There are some options dealing with color images and text normalization:

option action
-b, –binarize / –no-binarize Binarizes color/grayscale images (default) or retains the original in the output.
-u, –normalization Normalizes text to one of the following Unicode normalization forms: NFD, NFKD, NFC, NFKC
-s, –normalize-whitespace / –no-normalize-whitespace Normalizes whitespace in extracted text. There are several different Unicode whitespace characters that are replaced by a standard space when not disabled.
–reorder / –no-reorder Tells ketos to reorder the code point for each line into left-to-right order. Unicode code points are always in reading order, e.g. the first code point in an Arabic line will be the rightmost character. This option reorders them into display order, i.e. the first code point is the leftmost, the second one the next from the left and so on. The train subcommand does this automatically, so it usually isn’t needed.
-r, –rotate / –no-rotate Skips rotation of vertical lines.
-o, –output Output directory, defaults to training

The result will be a directory filled with line image text pairs NNNNNN.png and NNNNNN.gt.txt and a manifest.txt containing a list of all extracted lines.

Training

The training utility allows training of VGSL specified models both from scratch and from existing models. Training data is in all cases just a directory containing image-text file pairs as produced by the transcribe/extract tools. Here are its command line options:

option action
-p, –pad Left and right padding around lines
-o, –output Output model file prefix. Defaults to model.
-s, –spec VGSL spec of the network to train. CTC layer will be added automatically. default: [1,48,0,1 Cr3,3,32 Do0.1,2 Mp2,2 Cr3,3,64 Do0.1,2 Mp2,2 S1(1x12)1,3 Lbx100 Do]
-a, –append Removes layers before argument and then appends spec.
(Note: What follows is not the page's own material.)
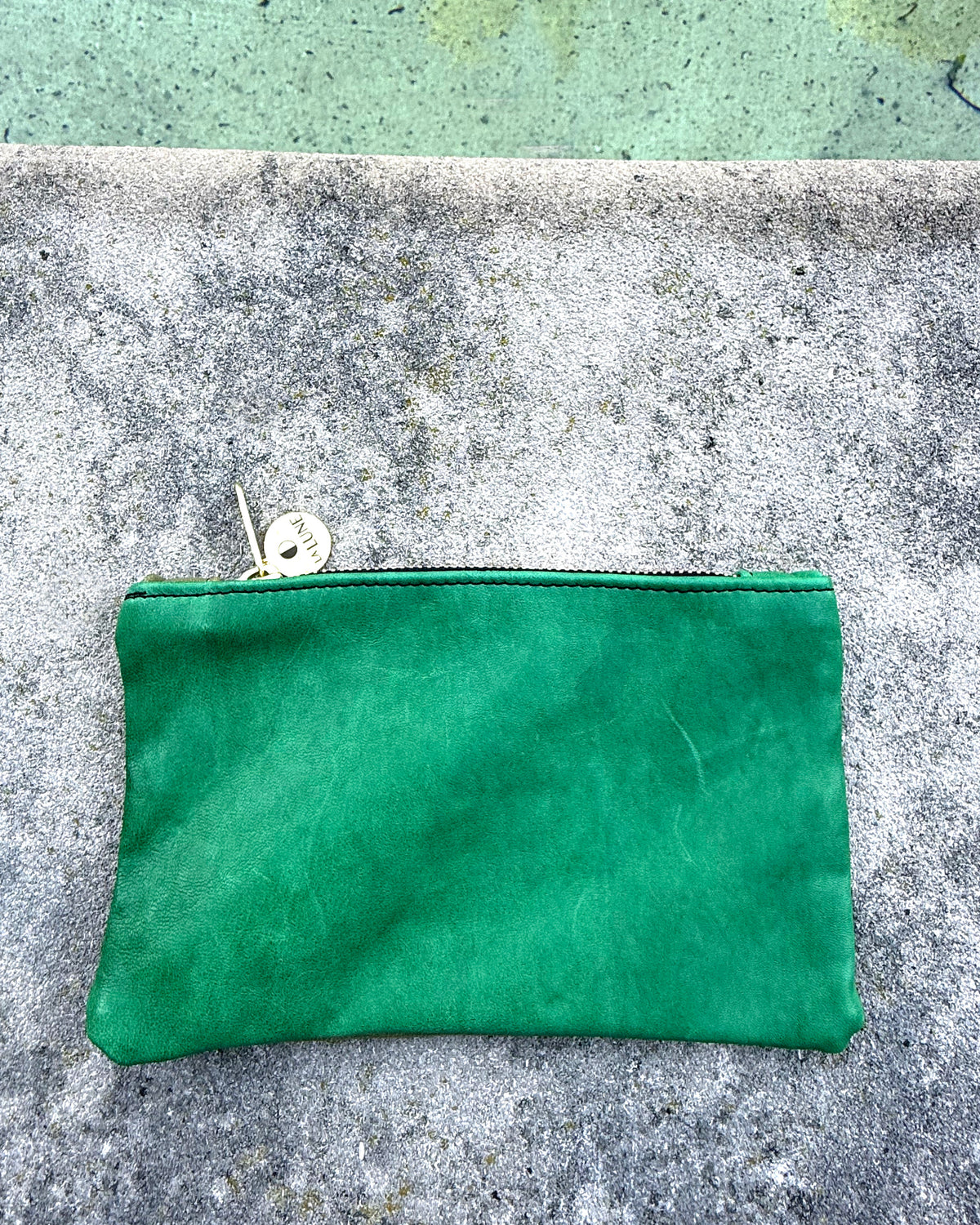 Kelly Green + Brown Two-Tone Leather Wallet • Upcycled Luxury Leather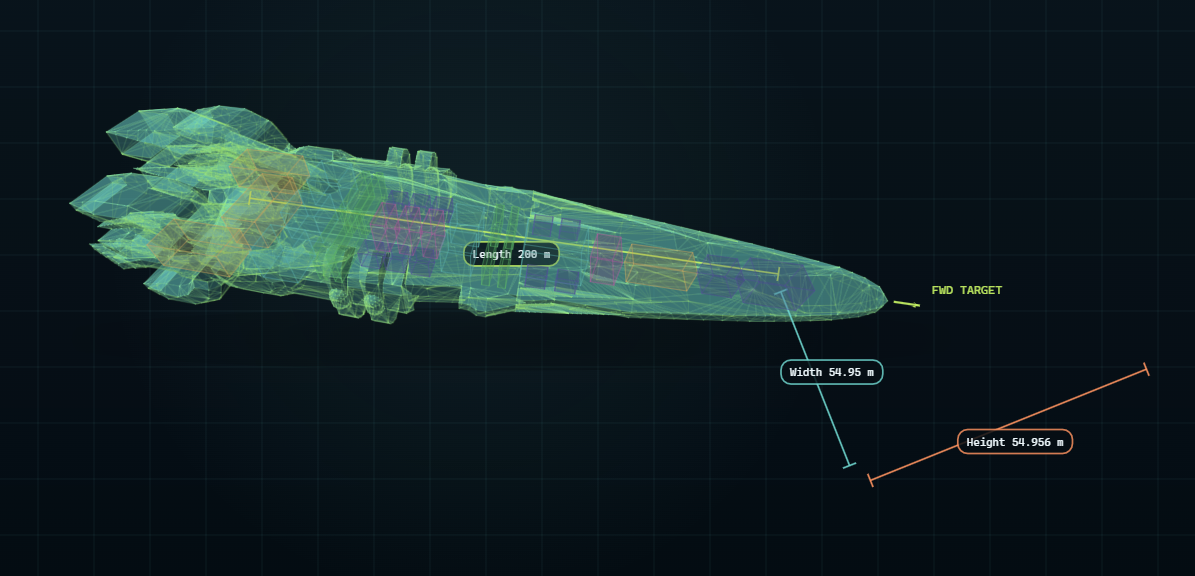 Dawn of Demons imported ship volume view with internal compartments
Only works when loading an existing model
-i, –load Load existing file to continue training
-F, –savefreq Model save frequency in epochs during training
-R, –report Report creation frequency in epochs
-q, –quit Stop condition for training. Set to early for early stopping (default) or dumb for fixed number of epochs.
-N, –epochs Number of epochs to train for. Set to -1 for indefinite training.
–lag Number of epochs to wait before stopping training without improvement. Only used when using early stopping.
–min-delta Minimum improvement between epochs to reset early stopping. Defaults to 0.005.
-d, –device Select device to use (cpu, cuda:0, cuda:1,…). GPU acceleration requires CUDA.
–optimizer Select optimizer (Adam, SGD, RMSprop).
-r, –lrate Learning rate [default: 0.001]
-m, –momentum Momentum used with SGD optimizer. Ignored otherwise.
-w, –weight-decay Weight decay.
–schedule Sets the learning rate scheduler. May be either constant or 1cycle. For 1cycle the cycle length is determined by the –epoch option.
-p, –partition Ground truth data partition ratio between train/validation set
-u, –normalization Ground truth Unicode normalization. One of NFC, NFKC, NFD, NFKD.
-c, –codec Load a codec JSON definition (invalid if loading existing model)
–resize Codec/output layer resizing option. If set to add code points will be added, both will set the layer to match exactly the training data, fail will abort if training data and model codec do not match. Only valid when refining an existing model.
-n, –reorder / –no-reorder Reordering of code points to display order.
-t, –training-files File(s) with additional paths to training data. Used to enforce an explicit train/validation set split and deal with training sets with more lines than the command line can process. Can be used more than once.
-e, –evaluation-files File(s) with paths to evaluation data. Overrides the -p parameter.
–preload / –no-preload Hard enable/disable for training data preloading. Preloading training data into memory is enabled per default for sets with less than 2500 lines.
–threads Number of OpenMP threads when running on CPU. Defaults to min(4, #cores).

From Scratch

The absolut minimal example to train a new model is:

$ ketos train training_data/*.png

Training will continue until the error does not improve anymore and the best model (among intermediate results) will be saved in the current directory.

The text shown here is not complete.